* _Caption-style text data_
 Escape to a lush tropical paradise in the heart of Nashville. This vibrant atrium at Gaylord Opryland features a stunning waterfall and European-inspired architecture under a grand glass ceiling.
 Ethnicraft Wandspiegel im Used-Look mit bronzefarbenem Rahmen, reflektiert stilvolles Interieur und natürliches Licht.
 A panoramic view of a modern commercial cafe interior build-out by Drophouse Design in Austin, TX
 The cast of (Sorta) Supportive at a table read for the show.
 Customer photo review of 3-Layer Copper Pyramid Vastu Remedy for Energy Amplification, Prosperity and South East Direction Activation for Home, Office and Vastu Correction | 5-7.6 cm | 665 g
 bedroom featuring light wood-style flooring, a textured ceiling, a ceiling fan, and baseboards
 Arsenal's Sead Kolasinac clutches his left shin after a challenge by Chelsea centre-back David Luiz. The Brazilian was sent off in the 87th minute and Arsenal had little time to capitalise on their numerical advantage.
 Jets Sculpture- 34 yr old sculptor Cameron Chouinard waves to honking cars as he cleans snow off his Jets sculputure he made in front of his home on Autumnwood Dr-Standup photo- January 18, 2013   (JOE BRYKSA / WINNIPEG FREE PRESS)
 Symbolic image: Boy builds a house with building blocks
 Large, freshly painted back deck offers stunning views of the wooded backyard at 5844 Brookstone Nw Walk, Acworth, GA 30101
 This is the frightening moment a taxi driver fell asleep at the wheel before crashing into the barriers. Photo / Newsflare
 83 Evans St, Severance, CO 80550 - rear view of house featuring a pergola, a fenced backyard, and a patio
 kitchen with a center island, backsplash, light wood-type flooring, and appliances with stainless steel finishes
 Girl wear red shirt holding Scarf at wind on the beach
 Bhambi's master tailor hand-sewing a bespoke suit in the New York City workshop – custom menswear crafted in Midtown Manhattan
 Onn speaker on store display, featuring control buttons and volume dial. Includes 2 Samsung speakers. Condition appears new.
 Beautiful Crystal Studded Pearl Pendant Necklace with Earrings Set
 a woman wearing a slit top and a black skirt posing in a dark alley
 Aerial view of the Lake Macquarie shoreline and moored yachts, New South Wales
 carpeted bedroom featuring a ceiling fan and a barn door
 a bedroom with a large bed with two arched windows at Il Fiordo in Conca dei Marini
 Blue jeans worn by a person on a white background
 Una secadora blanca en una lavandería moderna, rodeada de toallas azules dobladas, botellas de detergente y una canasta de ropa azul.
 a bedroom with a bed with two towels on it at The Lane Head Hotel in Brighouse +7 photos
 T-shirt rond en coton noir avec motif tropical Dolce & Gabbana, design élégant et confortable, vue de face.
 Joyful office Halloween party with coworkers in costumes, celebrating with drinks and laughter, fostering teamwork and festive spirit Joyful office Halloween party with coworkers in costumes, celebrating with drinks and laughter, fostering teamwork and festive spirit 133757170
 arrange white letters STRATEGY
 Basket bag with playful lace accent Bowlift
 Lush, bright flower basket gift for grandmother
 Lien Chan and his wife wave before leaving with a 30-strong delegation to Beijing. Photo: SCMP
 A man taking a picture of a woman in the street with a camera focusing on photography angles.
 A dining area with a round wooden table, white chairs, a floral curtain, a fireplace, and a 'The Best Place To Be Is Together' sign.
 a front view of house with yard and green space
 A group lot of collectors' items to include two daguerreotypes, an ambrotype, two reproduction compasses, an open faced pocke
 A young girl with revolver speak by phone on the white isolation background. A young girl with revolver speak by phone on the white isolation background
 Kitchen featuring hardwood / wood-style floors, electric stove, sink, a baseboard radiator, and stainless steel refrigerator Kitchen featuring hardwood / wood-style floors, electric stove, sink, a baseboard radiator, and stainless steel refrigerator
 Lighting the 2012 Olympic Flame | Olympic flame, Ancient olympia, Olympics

* _Assigned task_
Go through the data and show each line that holds "backyard".

* _Solution to this problem_
 Large, freshly painted back deck offers stunning views of the wooded backyard at 5844 Brookstone Nw Walk, Acworth, GA 30101
 83 Evans St, Severance, CO 80550 - rear view of house featuring a pergola, a fenced backyard, and a patio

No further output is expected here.